I had the system tested at a local shop back in April, and was told the
motherboard was the problem because the system would run stable if all of my
components were installed on a different board. Sent the board back to Soyo
($56 shipping) and was told by them (after losing my motherboard for 5 days,
and then another 5 days of testing and phone calls) that there was nothing
wrong with it, and they sent it back. After that I talked to Kingston and
they agreed to replace all 3 of my Ram. I currently am only using 2 of the
chips because the system seems more unstable when the third is installed. I
have the most recent drivers installed for all of my components except for
the motherboard.

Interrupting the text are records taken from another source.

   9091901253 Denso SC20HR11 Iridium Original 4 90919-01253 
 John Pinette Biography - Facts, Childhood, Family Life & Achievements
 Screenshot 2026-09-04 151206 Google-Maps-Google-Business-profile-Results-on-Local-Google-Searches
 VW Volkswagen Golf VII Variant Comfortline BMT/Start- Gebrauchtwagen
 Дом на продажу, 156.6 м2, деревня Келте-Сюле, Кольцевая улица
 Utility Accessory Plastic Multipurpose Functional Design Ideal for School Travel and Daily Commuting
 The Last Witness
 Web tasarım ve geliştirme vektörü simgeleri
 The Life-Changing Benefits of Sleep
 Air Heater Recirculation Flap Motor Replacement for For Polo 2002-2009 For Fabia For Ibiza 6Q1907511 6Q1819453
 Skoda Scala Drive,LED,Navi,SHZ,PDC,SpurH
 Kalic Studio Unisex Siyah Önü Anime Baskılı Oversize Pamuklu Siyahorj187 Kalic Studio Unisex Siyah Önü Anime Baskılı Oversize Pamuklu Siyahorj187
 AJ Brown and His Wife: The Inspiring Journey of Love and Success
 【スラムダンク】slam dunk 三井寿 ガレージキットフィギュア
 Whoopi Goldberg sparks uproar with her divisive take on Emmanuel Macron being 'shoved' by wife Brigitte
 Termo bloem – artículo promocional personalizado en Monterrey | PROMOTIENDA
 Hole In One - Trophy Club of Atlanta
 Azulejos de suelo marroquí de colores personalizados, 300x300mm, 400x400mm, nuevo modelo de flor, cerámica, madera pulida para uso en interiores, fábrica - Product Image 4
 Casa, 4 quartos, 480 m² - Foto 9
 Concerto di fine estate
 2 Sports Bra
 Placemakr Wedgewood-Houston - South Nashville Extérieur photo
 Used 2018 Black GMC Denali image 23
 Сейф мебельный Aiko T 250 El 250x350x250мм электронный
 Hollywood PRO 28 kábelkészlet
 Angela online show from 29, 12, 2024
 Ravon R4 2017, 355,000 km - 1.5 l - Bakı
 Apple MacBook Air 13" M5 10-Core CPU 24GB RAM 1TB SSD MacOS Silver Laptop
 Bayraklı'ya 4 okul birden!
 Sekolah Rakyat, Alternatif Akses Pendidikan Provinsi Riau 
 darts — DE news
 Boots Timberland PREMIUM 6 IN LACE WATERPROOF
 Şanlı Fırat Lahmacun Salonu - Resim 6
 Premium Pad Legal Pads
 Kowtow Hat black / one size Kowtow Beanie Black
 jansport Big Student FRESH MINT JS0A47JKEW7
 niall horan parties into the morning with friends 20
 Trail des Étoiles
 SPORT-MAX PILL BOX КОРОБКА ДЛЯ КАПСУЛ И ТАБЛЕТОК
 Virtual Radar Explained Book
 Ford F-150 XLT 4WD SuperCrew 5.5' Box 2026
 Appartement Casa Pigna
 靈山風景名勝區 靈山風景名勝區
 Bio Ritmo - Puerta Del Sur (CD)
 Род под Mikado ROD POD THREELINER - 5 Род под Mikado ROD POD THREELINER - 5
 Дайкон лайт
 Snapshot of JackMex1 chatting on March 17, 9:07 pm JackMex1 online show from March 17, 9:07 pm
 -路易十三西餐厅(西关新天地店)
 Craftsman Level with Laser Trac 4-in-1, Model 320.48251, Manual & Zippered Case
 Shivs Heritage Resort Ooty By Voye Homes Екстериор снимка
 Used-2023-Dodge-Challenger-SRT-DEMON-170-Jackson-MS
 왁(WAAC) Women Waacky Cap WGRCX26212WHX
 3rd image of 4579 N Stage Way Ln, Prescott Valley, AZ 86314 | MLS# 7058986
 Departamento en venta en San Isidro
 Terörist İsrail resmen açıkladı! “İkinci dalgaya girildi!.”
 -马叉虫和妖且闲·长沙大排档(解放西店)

The motherboard drivers are up to date except for the BIOS.
When I flash the BIOS with the most recent version, the system becomes
extremely unstable. The current BIOS is one step back from the most recent.
Also, if I go into the BIOS and load the Fail-Safe settings, the system will
not boot past POST for more than about 10 seconds, in which time I have to
race the clock to load the BIOS load the Optimized Defaults, and Save and
Exit or else reset the BIOS via jumper and attempt to beat the clock again.

I would greatly appreciate....oh let’s be honest...after this much headache
and frustration I would almost worship anyone that could help me fix my
system. :)

My next step is to buy a new motherboard and cpu and try again... :( I may
purchase the same ones as current to test for bad components or maybe go with
something different that will allow me to use the Ram that I currently have.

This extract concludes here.